I didn’t have a stop watch but I am pretty sure that a sun dial would have been more appropriate as I waited for the magical sound that the shop door makes when it opens. You know the one; it’s the sound that made Pavlov famous, where the wolves, I mean the inside sale people, respond to the bell like a steak just landed on the polished white tile floor. Deep inside as she walked towards the shoes on the acrylic shelf Ann prayed silently that they didn’t have her size which would spare her this whole experience and make it easier for her. When she picked them up off the shelf I swore I heard a celestial hymn ooze from the speakers as if to say “Buy these shoes” and you’ll walk with the angels. Where are those Victoria Secret wings when you need a pair?

The French sales woman was curt but professional, eyeballing our “American-ness” that is so plain to all the Europeans. She wasn’t quite sure if Ann was the dreaded “shoe kicker.” Was she going to “try them on” to FEEL like someone that warrants a shoe of this fine quality or is she a REAL player? Frankly it’s a jump ball, Ann could be either today! I felt like a resident in the operating room watching the professional sales rep dissect every conceivable barrier to a purchase. She’s a pro as she relates the story of the handcrafting and how the cows cried to give up this soft leather. As if we needed a sign the exclusivity is clear because these are the only 2 pair of shoes on display in the whole store, one in coral/pink and the other in the dreaded black/white. There are a limited number of outfits hanging from the silver racks and a couple of them could have been mistaken for colored dental floss. Does that tag say “1200 euros?” YIKES!!! As the sales woman figures out that Ann is “serious” she informs Ann that they make this shoe in a “quantity of 1 in each size.” I almost burst out laughing when she said “Once you buy this pair no one else in all of Paris will have your shoe.” Should I tell her we’re leaving for Italy tomorrow and I want the same promise for Italy, Germany, Denmark, Finland, England, and America or my money back?

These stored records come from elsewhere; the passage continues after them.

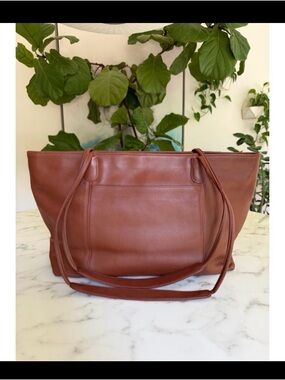 Classic Women's Leather Tote Bag in BLACK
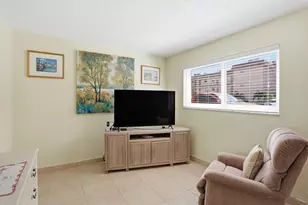 721 Lori Dr, Palm Springs, FL 33461 - Photo 8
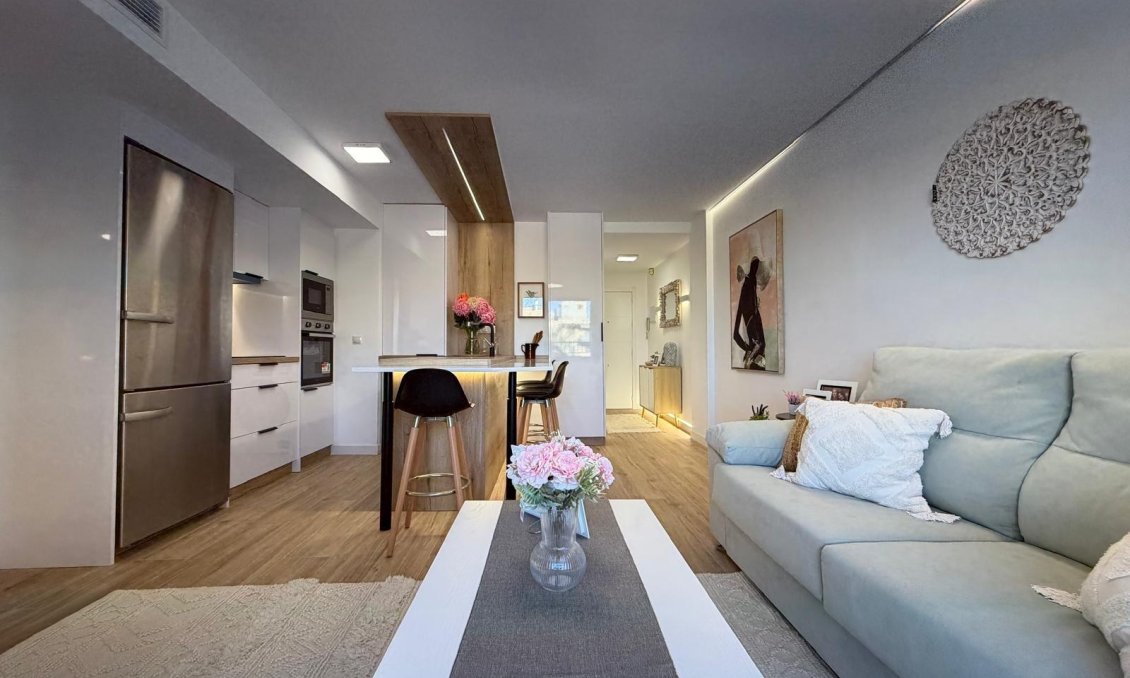 Segunda mano - Apartamento -
Torrevieja - Punta Prima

I appreciate her sales effort and the fact that a pair of shoes can elicit such feelings in a woman and I am equally shocked that these shoes are turning Ann into Cinderella. Ann “hems and haws” not betraying the thousands of years of Irish DNA coursing through her veins and she feels the conflict of being reckless against the pull of common sense. It is like a playground battle tug-of-war going on in her mind and her eyes are giving away that fact that her “practical” side is losing. She looks up from the stiff black leather couch and she doesn’t have to utter the phrase, it is written on her face, “Should I?” Now for a husband this isn’t quite the equivalent challenge of responding to the question “Does this make me look fat?” but it is fraught with intrigue. If you say “go for it” too fast then you run the risk that you haven’t agonized quite long enough to appreciate the depth of such an important decision. If you say “No” you run the risk of stomping on the one chance for your wife to “buy pink/coral shoes in Paris” thus running the risk of disappointment and anger all the way through the rest of Europe’s 70+ days of travel. You search your mind and heart for just the right timing and the perfect turn of phrase. The clock is ticking, your heart rate is increasing and you think of 19 years of marriage where these rare moments pop up, looking for the kernel of experience that will allow you to say just the right thing. I look into her hazel eyes and say with the best voice I can muster, “Why the hell not!” I pause, hoping, a bit unsure if that was gonna do it and then a big smile from Ann and a quick “Yeah why the hell not!”

Ann floated out of the store, sent a few text messages and e-mails to “the girls” informing them of her new cocaine like shoe habit and then went to her first meeting in the next Church we saw; it started with the phrase, “Hi my name is Ann and I’m a shoe - aholic.” Hi Ann!